Calls increase for ban on congressional stock trading

US Politics

FILE – This Nov. 23, 2020 file photo shows the New York Stock Exchange in New York. (AP Photo/Seth Wenig, File)

(The Hill) – Pennsylvania Lt. Gov. John Fetterman (D) on Tuesday urged Congress to ban lawmakers, their spouses, and their senior staffers from trading stocks.

Fetterman, one of the top Democratic candidates in Pennsylvania’s midterm Senate contest, joins a growing list of high-profile congressional candidates embracing the popular proposal.    

“Allowing members of Congress and their spouses to trade stocks is a clear conflict of interest,” he said in a statement. “Lawmakers should not be making profits off of the same companies they are supposed to be regulating, based on closed-door information that isn’t available to the public.” 

In a recent poll, 76 percent of voters expressed support for banning members of Congress from trading individual stocks, including 70 percent of Democrats, 78 percent of Republicans, and nearly 80 percent of independents. 

Lawmakers’ stock trades drew unprecedented scrutiny after Sen. Richard Burr (R-N.C.) and others unloaded securities just before the coronavirus pandemic ravaged the market in early 2020. Since then, Business Insider identified more than 50 lawmakers who violated congressional stock trading rules by failing to disclose their transactions. 

Speaker Nancy Pelosi (D-Calif.) brought more attention to the issue during a press conference last month in which she said that lawmakers should not prevent themselves from being able to trade stocks. 

“We’re a free-market economy,” she told reporters. “They should be able to participate in that.”

Sen. Jon Ossoff (D-Ga.) plans to introduce a bill to ban lawmakers and their immediate family members from trading individual stocks.

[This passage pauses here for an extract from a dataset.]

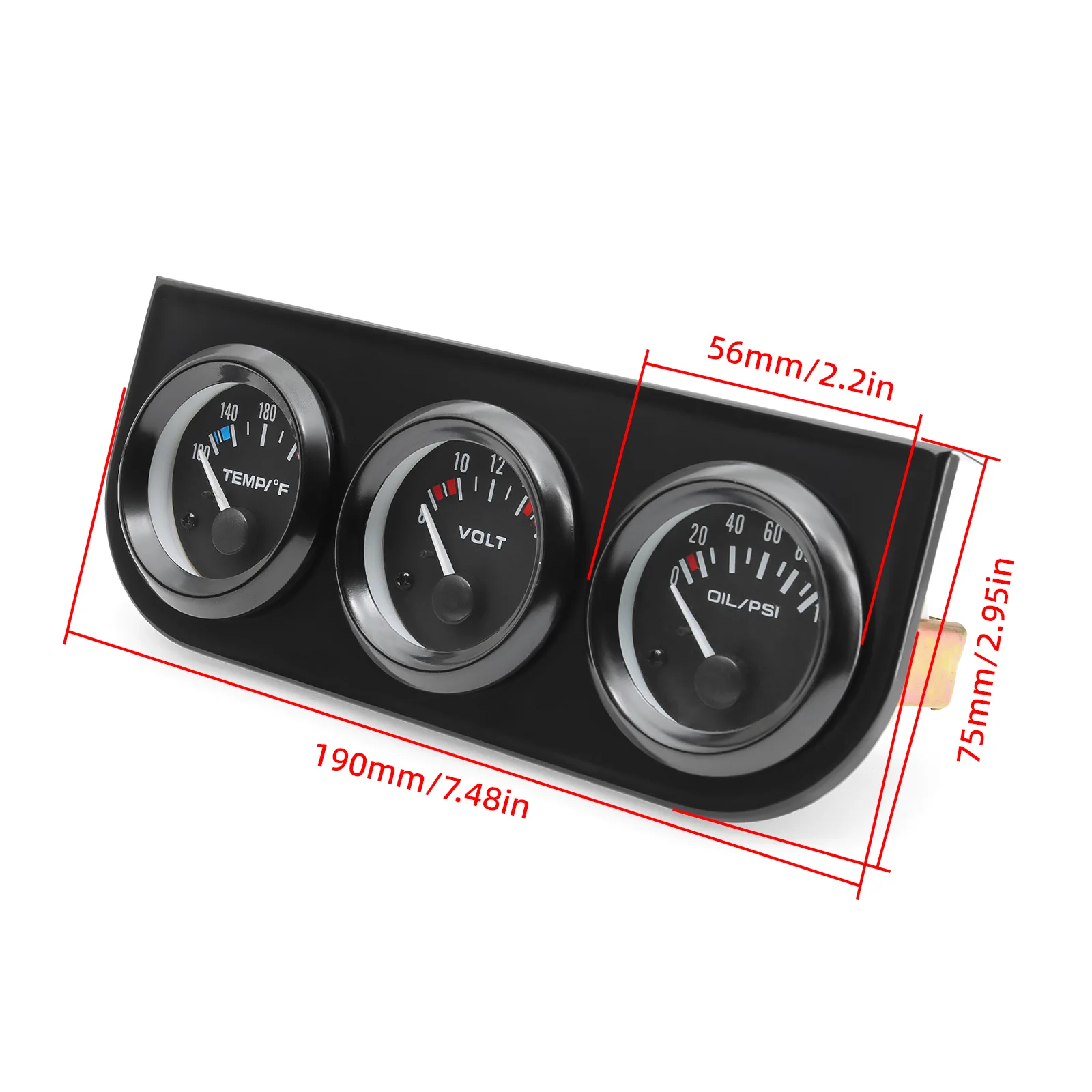 3 in 1 Car Water Temperature Gauge 52mm Oil Pressure Gauge Voltmeter Voltage Meter Auto Triple Gauge Kit Chrome customized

Sen. Elizabeth Warren (D-Mass.) previously introduced a similar bill that didn’t gain momentum in Congress. 

The proposal to ban the practice is gaining momentum with 2022 candidates in both parties. Republican Arizona Senate candidate Blake Masters, Democratic Missouri Senate candidate Lucas Kunce and Democratic Wisconsin Senate candidate Tom Nelson recently announced support for a ban.